I think you’ll need to do some experiments with your specific data to see whether vector database/RAG or fine-tuning is the better choice. I think it’s hard to tell unless you try it out.

In my personal opinion, it’s usually quicker/easier to use a vector database/RAG with some API than to fine-tune. I’d personally try that out first.

With regards to understanding charts and tables in PDFs, there are some vision models that do just that (ex. MatCha). They could be a little more difficult to set up, but if you really need it, then you don’t have a choice.

If you’re not worried about uploading your data to OpenAI, I think their API should also have support for PDFs and processing charts/tables in them (you should just be able to upload the file and chatGPT will analyze it for you). Obviously, it costs more and there’s the data privacy concern, but it’d likely be quicker to prototype with their API if you’re not worried about that.

Hey Andres @andres.castillo ,

Thanks a ton for breaking things down for me. If I got it right, you’re suggesting a workflow that looks something like this:

  • Start with solid libraries to pull info from PDFs (noticed PyMuPDF gets thumbs up too).
  • Move on to embeddings and tuck that data into a vector database.
  • Dive into some smart search techniques within that database.
  • And finally, bring in an LLM to dish out answers to users.

I’ve got a few more questions bubbling up about what you shared:

  • I’ve seen some chatter about folks using GPT Vision to chew through PDFs by first converting them into images and then letting GPT Vision do its thing on those pics. Seems like a bit of a roundabout to me. Have you ever taken this route?
  • Does picking one vector database over another have impact on the quality and speed of search? Chroma, Pinecone, Qdrant seem to be hitting the charts.
  • And on search strategies, I’m eyeballing things like Atlas Vector Search, Azure AI search. Got any favorites or tips?
    Really appreciate you lending me your brain on this!

Hey Hackyon @hackyon ,

Really appreciate your input and adding onto what Andres shared.

So, diving a bit deeper into the PDF extraction saga, my priority ranking for the data to pull out goes like this: text first, then tables, and charts last. Mainly because charts in PDFs often lack text info and are just visual.

In my previous message to Andres, I mentioned that some folks recommend GPT-Vision for dealing with PDFs. The catch is converting PDFs into images first. I’m on the fence about whether this is more efficient than sticking with libraries like PyMuPDF or tabula-py.

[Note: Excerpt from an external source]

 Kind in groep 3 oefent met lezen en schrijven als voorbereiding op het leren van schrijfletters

When it comes to uploading docs to OpenAI, I’m not sweating over data privacy much. But, I stumbled upon some chatter online about there being a cap of 20 files per Assistant, maxing out at 512 MB each. I’m scratching my head on whether this restriction is just for custom GPTs or if it spills over to using the chatgpt API too. Got any insights on this?

Thanks a bunch for helping me navigate through this!

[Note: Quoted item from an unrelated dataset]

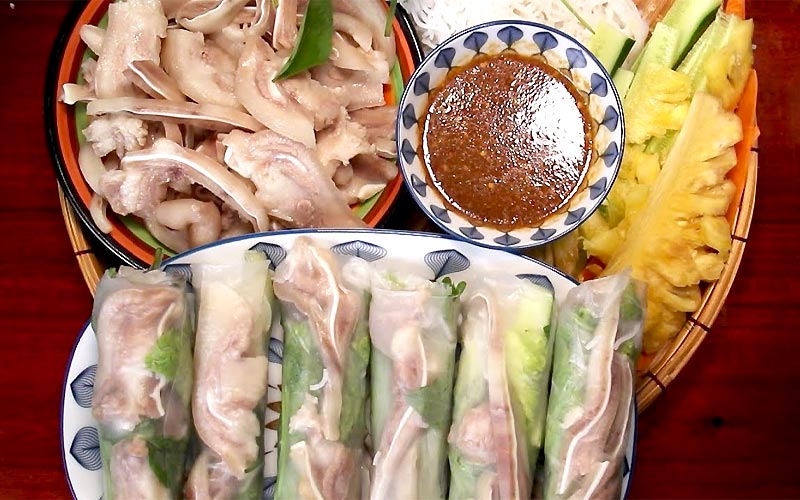 goi-cuon-tai-heo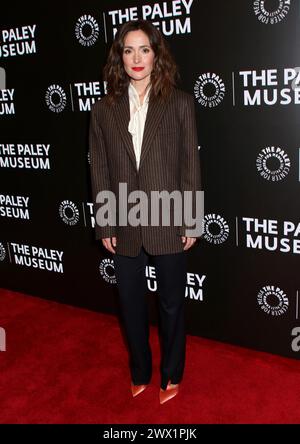 New York, États-Unis. 26 mars 2024. Rose Byrne assiste à 'Kristen Wiig and Carol Burnett : a Night with Apple TV's Palm Royale' au Paley Museum le 26 mars 2024 à New York City, NY © Steven Bergman/AFF-USA.COM crédit : AFF/Alamy Live News Banque D'Images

The answer will depends on your setup. Is it your model local or are you using it through a web API?
Work on some prototypes first, start with the simples escenarios, datasets that fits into memory, and worry about OPs and performance later. However, for starting prototyping it is important to define some ways to evaluate that your model is working as expected. Work on some automated tests.

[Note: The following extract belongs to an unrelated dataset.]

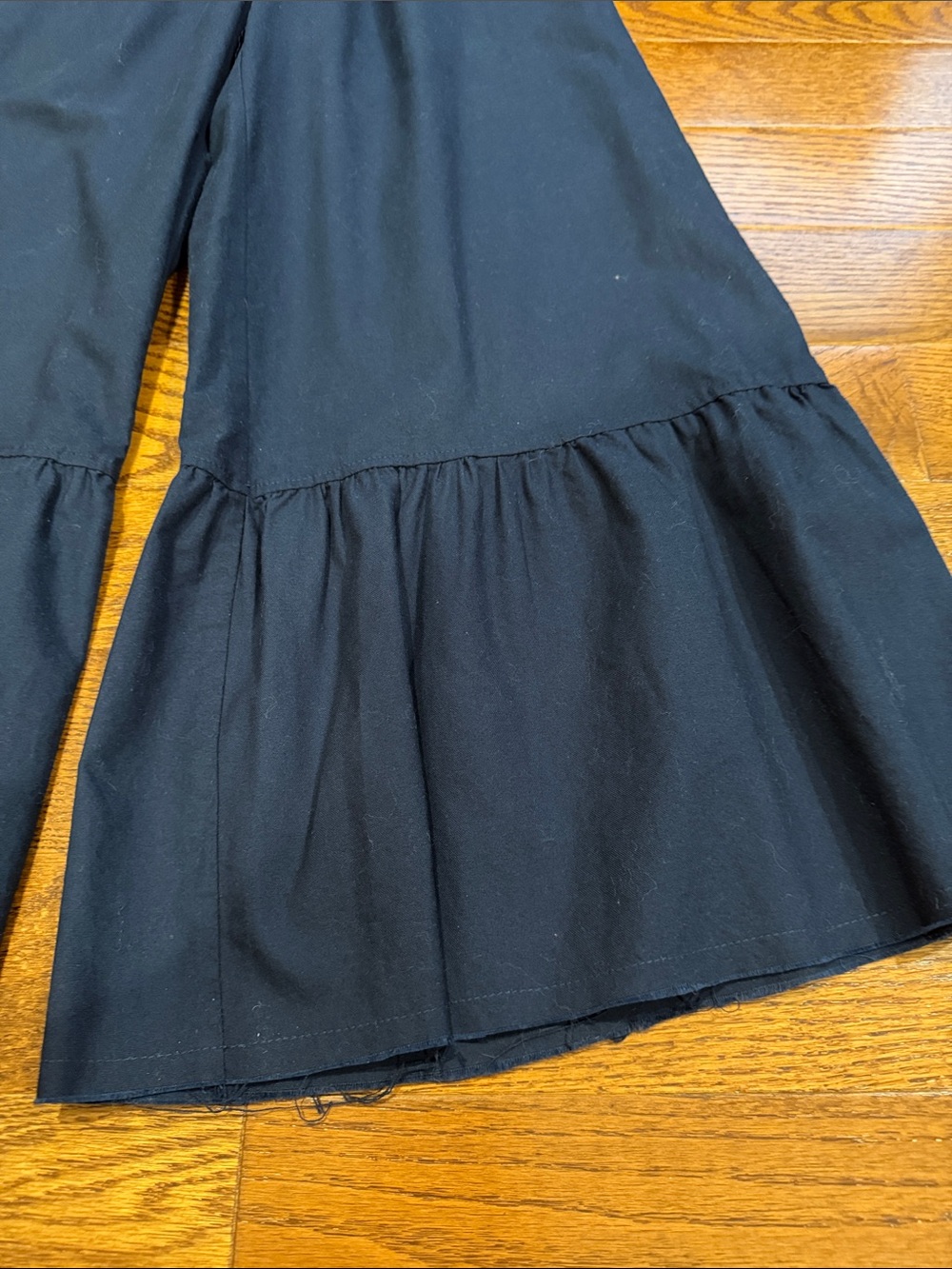 Navy Wide-Leg Ruffle Hem Pants - Picture 5 of 12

The selection of your tools will have an impact on performance for sure, but there are other variables to consider: Simplicity, availability and costs. Some tools will come in handy for prototyping and other will work for production environments. But first, get your prototype working.

@andres.castillo Hi Andres, thank you for your valuable advice.
Yes, I will start by creating an initial version of a simple prototype. In response to your question, my intention is to initially utilize the ChatGPT API.

Hi, PymuPDf seems to not be very exact when it comes to extracting tables from PDFs. Are there any better libraries that can do this?